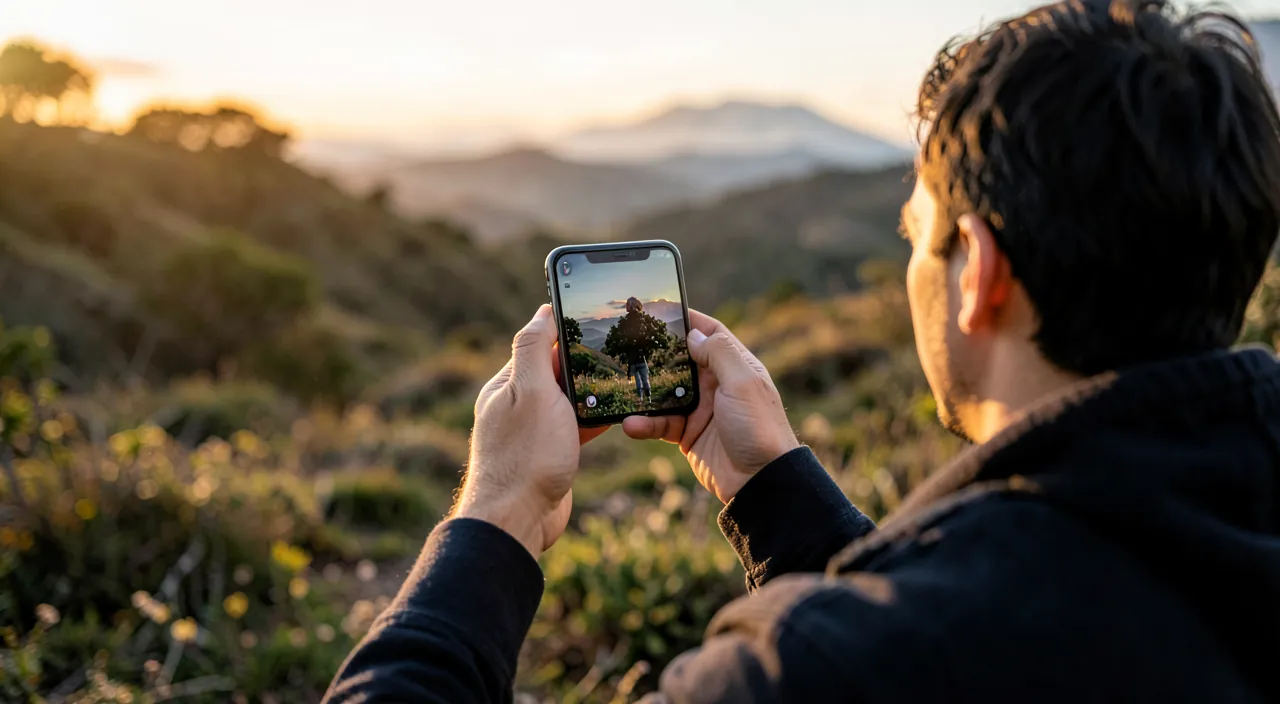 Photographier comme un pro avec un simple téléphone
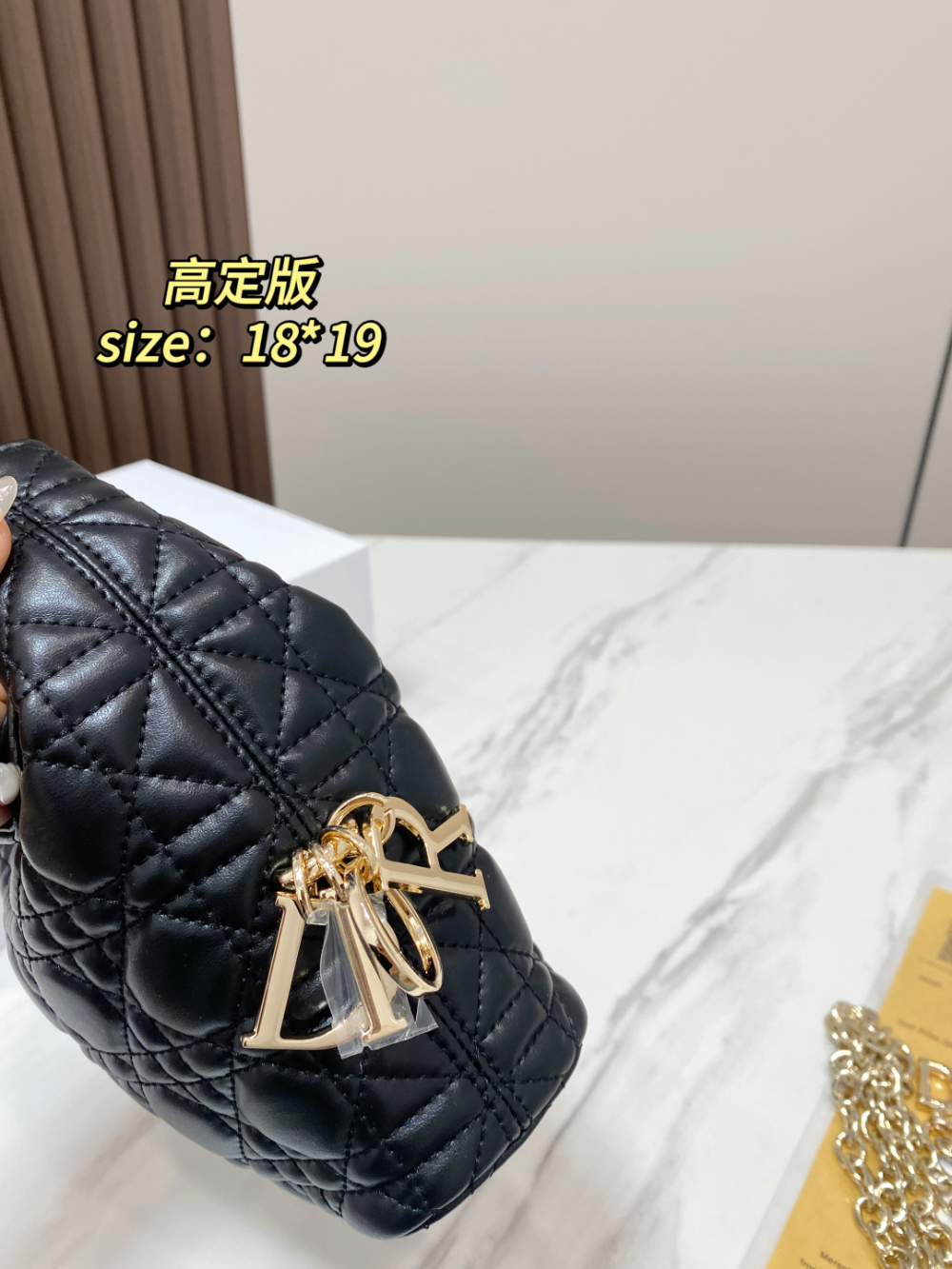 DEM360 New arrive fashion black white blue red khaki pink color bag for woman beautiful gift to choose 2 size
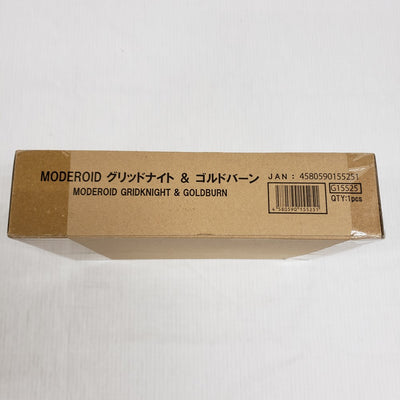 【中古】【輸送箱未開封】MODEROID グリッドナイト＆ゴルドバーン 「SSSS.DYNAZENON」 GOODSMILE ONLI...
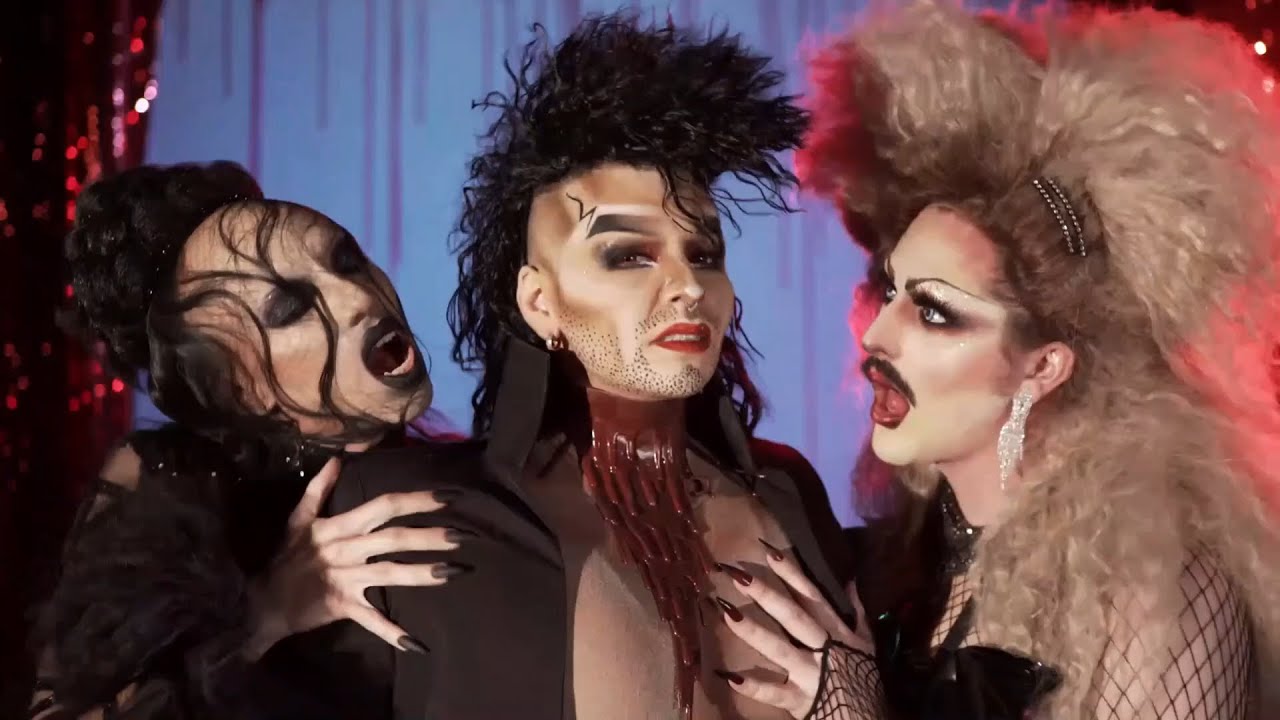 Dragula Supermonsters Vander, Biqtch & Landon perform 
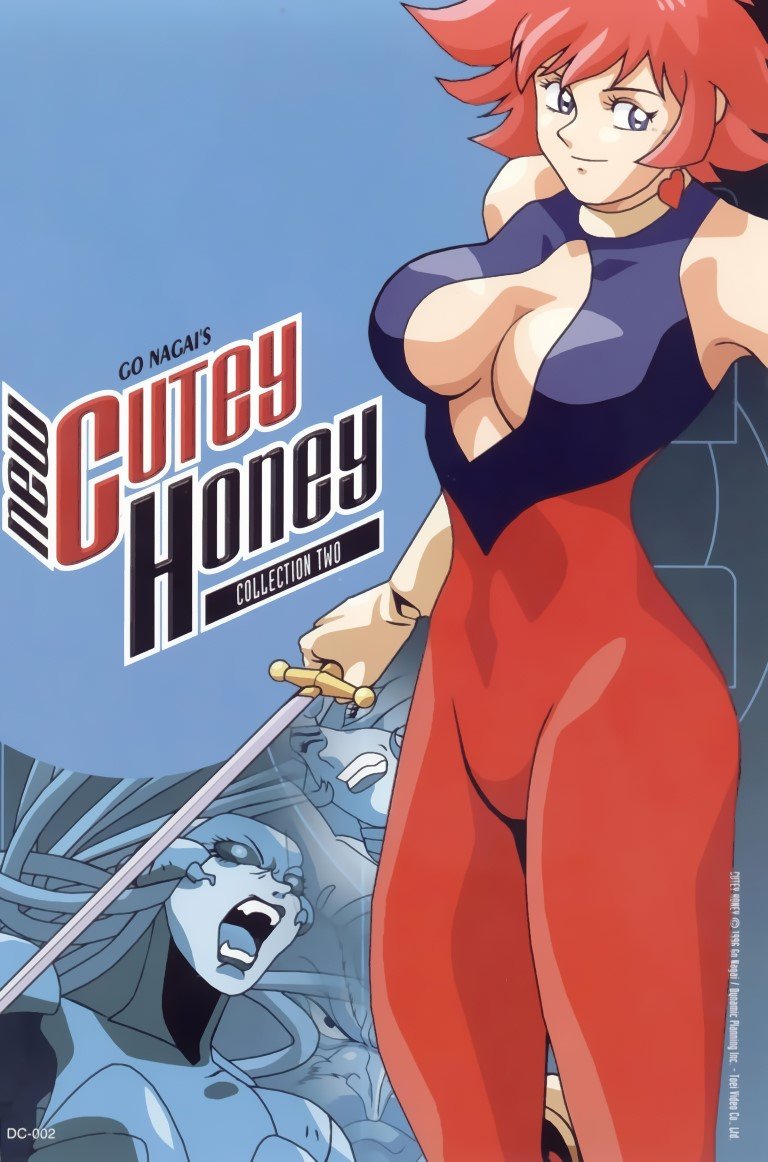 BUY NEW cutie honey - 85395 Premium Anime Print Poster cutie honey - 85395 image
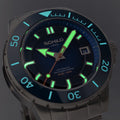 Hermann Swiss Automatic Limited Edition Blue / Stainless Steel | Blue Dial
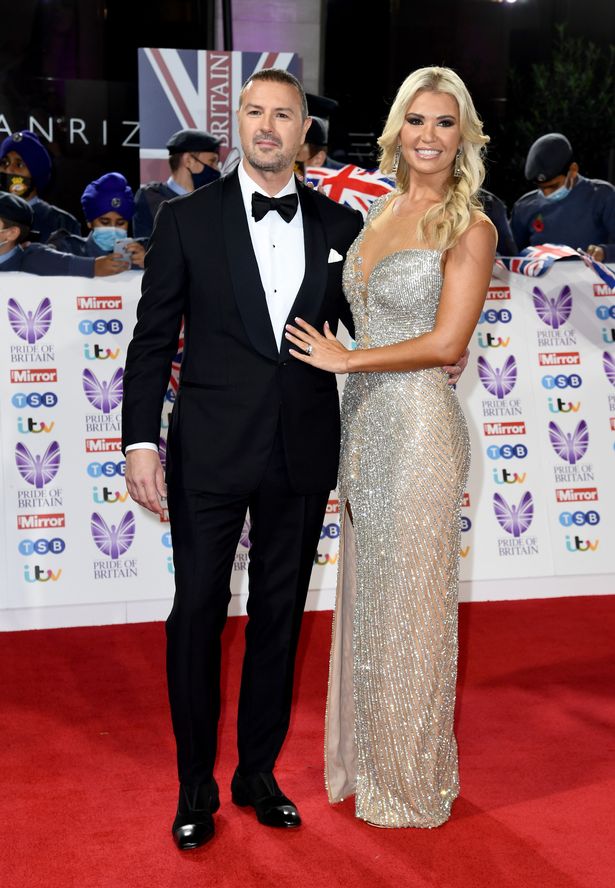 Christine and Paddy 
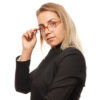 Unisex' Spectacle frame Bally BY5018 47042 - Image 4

------------------------------

EXERCISE OBJECTIVE — For this exercise, please reproduce the records above exactly and drop the images.

ANSWER FOR THIS EXERCISE —
 Photographier comme un pro avec un simple téléphone
 DEM360 New arrive fashion black white blue red khaki pink color bag for woman beautiful gift to choose 2 size
 【中古】【輸送箱未開封】MODEROID グリッドナイト＆ゴルドバーン 「SSSS.DYNAZENON」 GOODSMILE ONLI...
 Dragula Supermonsters Vander, Biqtch & Landon perform 
 BUY NEW cutie honey - 85395 Premium Anime Print Poster cutie honey - 85395 image
 Hermann Swiss Automatic Limited Edition Blue / Stainless Steel | Blue Dial
 Christine and Paddy 
 Unisex' Spectacle frame Bally BY5018 47042 - Image 4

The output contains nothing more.